Fra lisergici rumori di fondo, ragnatele di feedback al quarzo e scalate “sabbathiane” a pareti ritmiche di puro basalto, I Neurosis marciano decisi sul dorso di un dolmen affacciato su uno scenario da incubo, “sceneggiato” come se fosse l’equivalente musicale di una sequenza de “L’esercito delle 12 scimmie”. Il trip pre-agonico di un Prometeo incatenato alla roccia della follia e dell’oscurantismo, assediato dai mostri del Goya che ne digrignano gli ultimi palpiti da un cuore stremato.
Eredi di Conrad e Senofonte, i Neurosis, tuttavia, sanno fin troppo bene che laddove coraggio e fatica sopravvivono può ancora rinascere la speranza ed in effetti Shadow si trasforma da atto unico alla Ionesco a maieutica drone che illumina l’entrata della caverna platonica. Ristoratosi al lungo sonno della ragione il gruppo si avventura di nuovo all’esterno scortato da una trilogia che inaugura la seconda parte del disco: Hidden Faces, Water is not enough e Distill marcano l’ingresso in un universo amniotico, vestigia della creazione o estremo rifugio dell’inconscio collettivo.

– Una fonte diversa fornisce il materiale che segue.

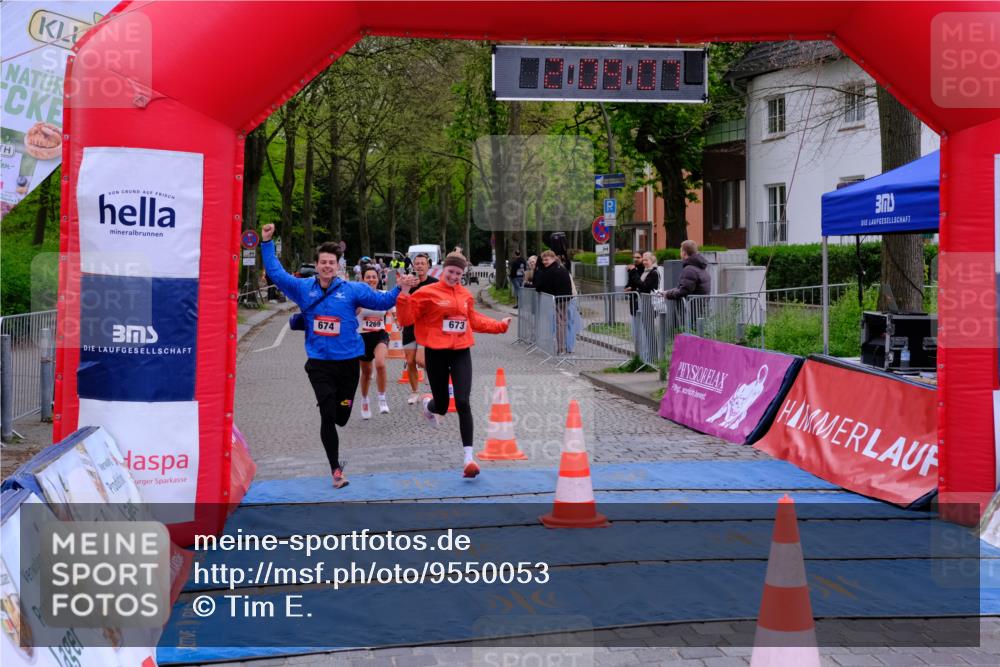 19.04.2026 - Hammer Lauf Tim E. http://msf.ph/oto/9550053 19.04.2026 13:09:14 Ziel 331, 673, 674, 1269 meine-sportfotos.de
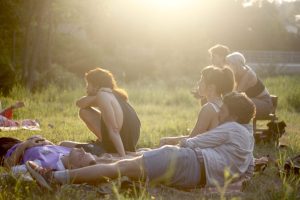 Corpi in quota al Rifugio Jervis: teatro, yoga e musica tra le vette di Ceresole Reale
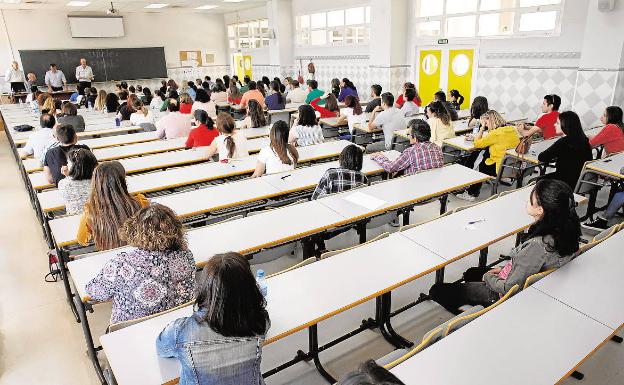 Los 160 aspirantes a abogados de Málaga harán el 4 de julio el examen suspendido por el Covid-19, pero será online y con menos tiempo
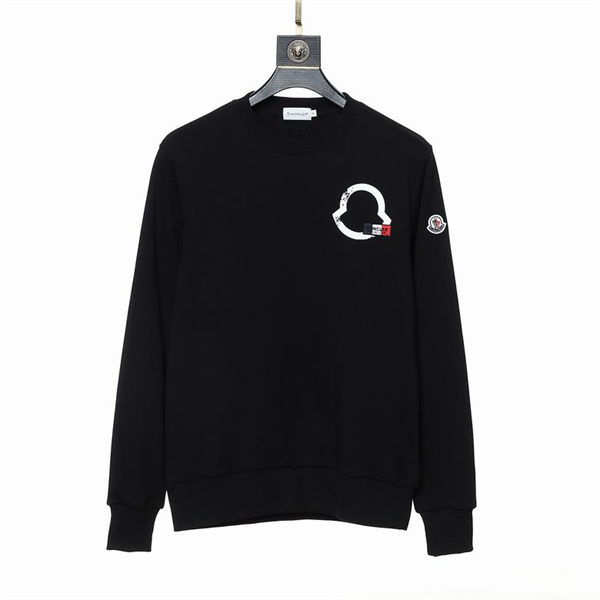 MONCLER コピー トレーナー ロゴかすれデザイン ワッペン付き モダン モンクレール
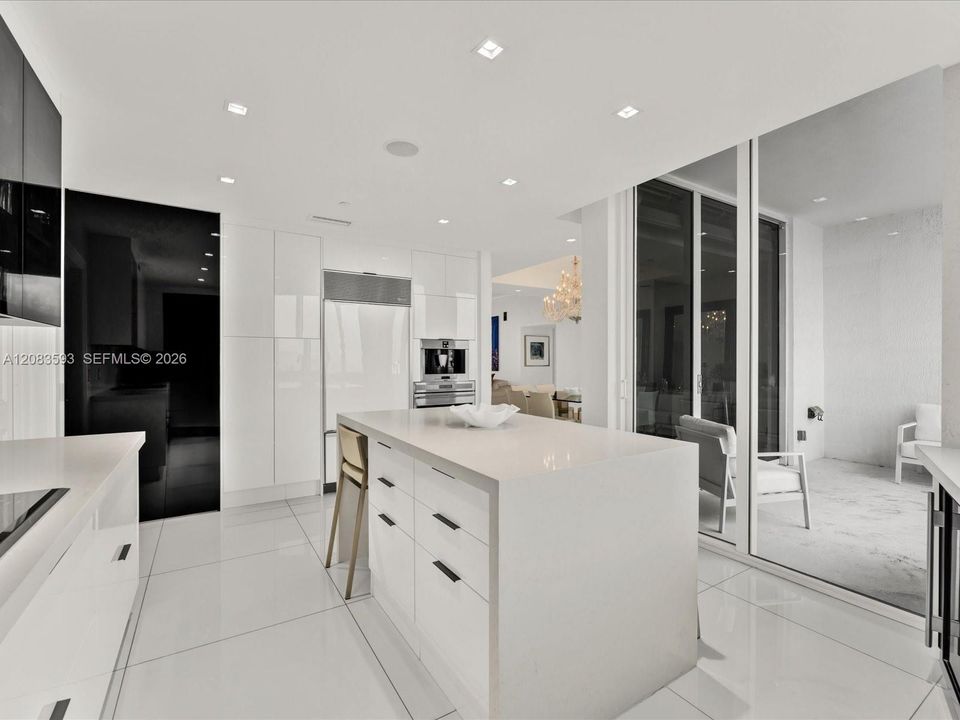 For Sale: $2,395,000 (2 beds, 3 baths, 2558 Square Feet)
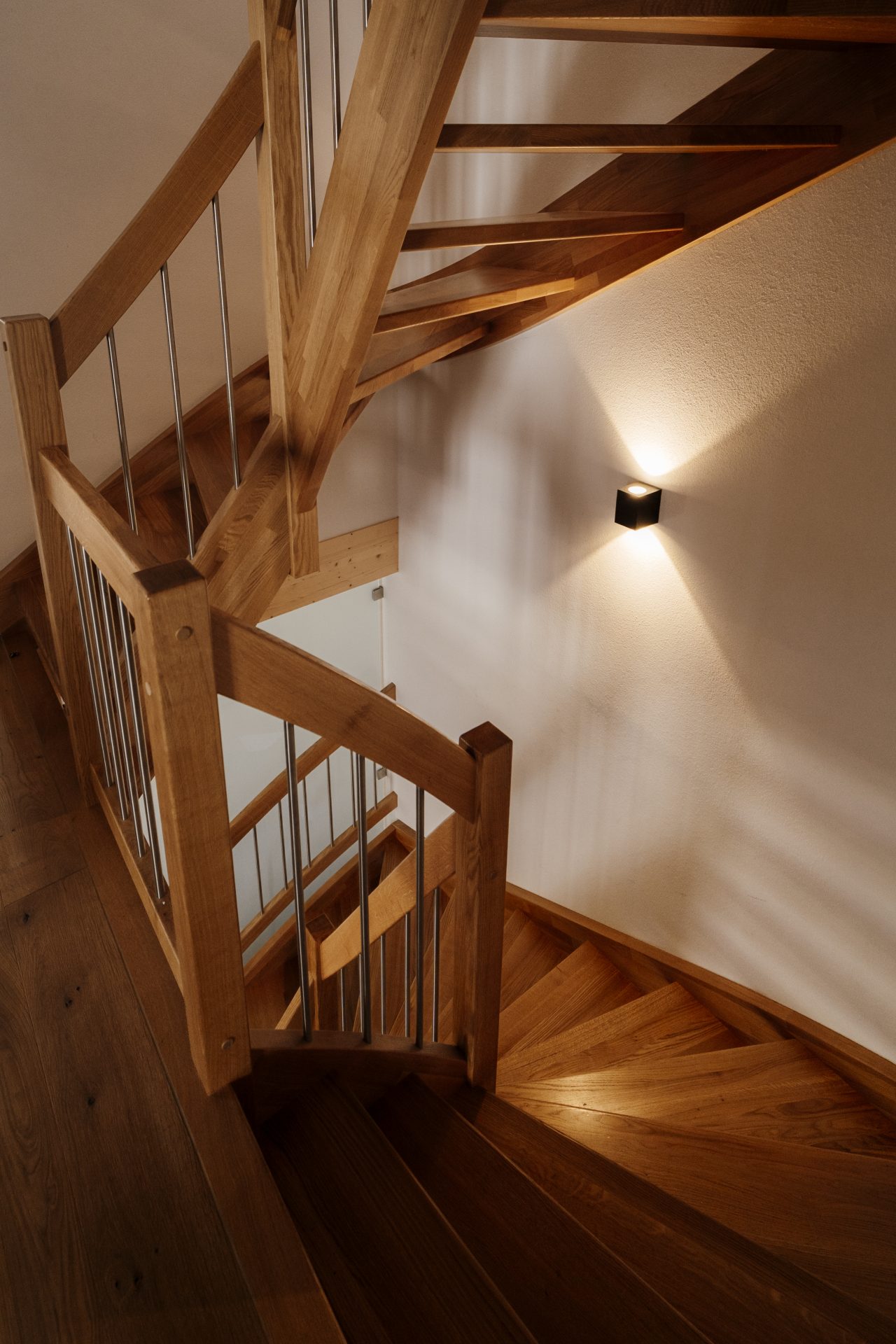 Immobilienfotografie Holztreppe Loerrach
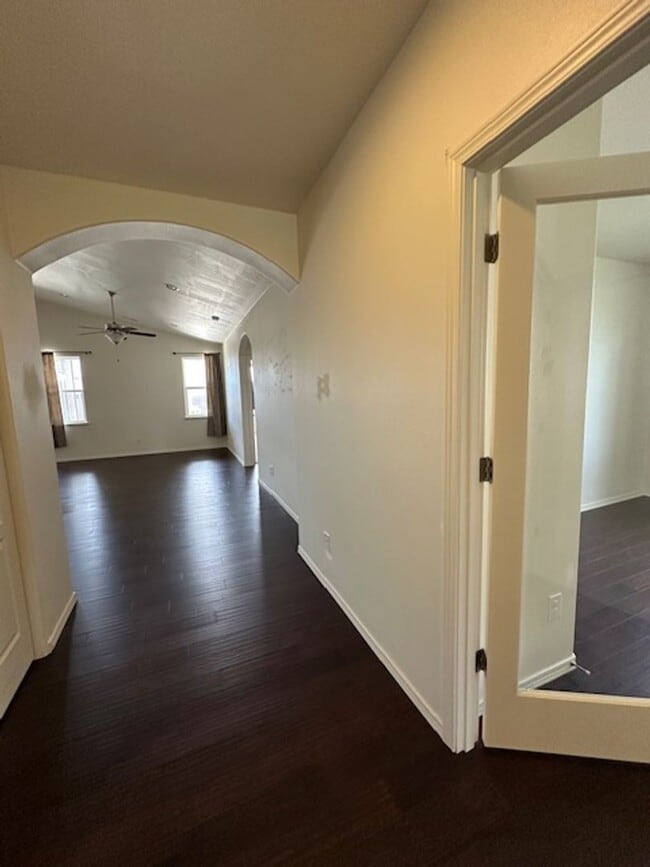 Building Photo - Spacious 3-Bedroom Home with Dedicated Off...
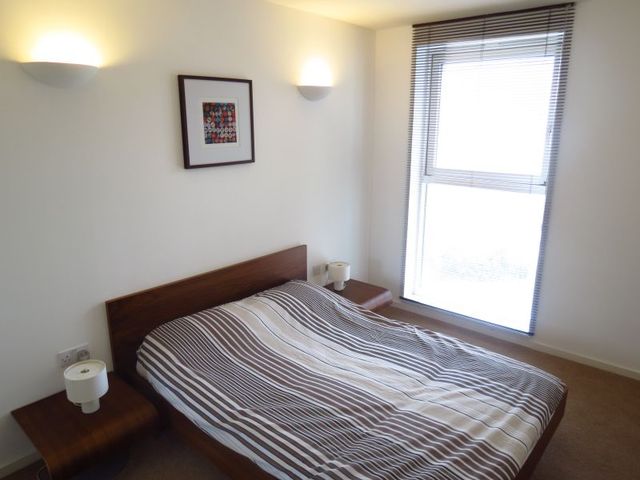  Image of 2 bedroom Apartment to rent in Goulden Street Manchester M4 at 10 Rochdale Road  Manchester City, M4 5EN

Pare già di udire il sibilo assordante di una cascata, fonte simbolica e componente primigenia, attutito dal dedalo di piante marcescenti che la rinserra in una jungla di cobalto.
La marcia è lenta, spossante ma inesorabile e quando la sorgente assume i contorni ormai liquefatti di un miraggio, i ruggiti del cantato si fanno sempre più sporadici e rarefatti, la trance/ipnosi di Nine introduce un parlato che ha i toni del buio deliquio di un Kurz che nemmeno in fin di vita può scacciare “l’orrore...l’orrore!” dalle pupille sfiorite.

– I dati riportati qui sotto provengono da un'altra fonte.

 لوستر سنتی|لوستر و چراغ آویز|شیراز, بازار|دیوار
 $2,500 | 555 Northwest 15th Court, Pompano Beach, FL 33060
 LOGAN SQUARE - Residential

Per fortuna Origin compare come l’Ellepsonto ai prodi sbandati di Clearco, intonando nell’epilogo un’invocazione apollinea tesoriera dell’annunciazione di una nuova (palin)genesi. Given to the rising resta un lavoro spaventoso, della cui reale portata ci si accorgerà probabilmente solo nei prossimi cinque o dieci anni;per il momento, più modestamente, il sottoscritto si limita a collocarlo al fianco dei tre migliori capitoli dell’imponente ciclo epico-rituale del gruppo.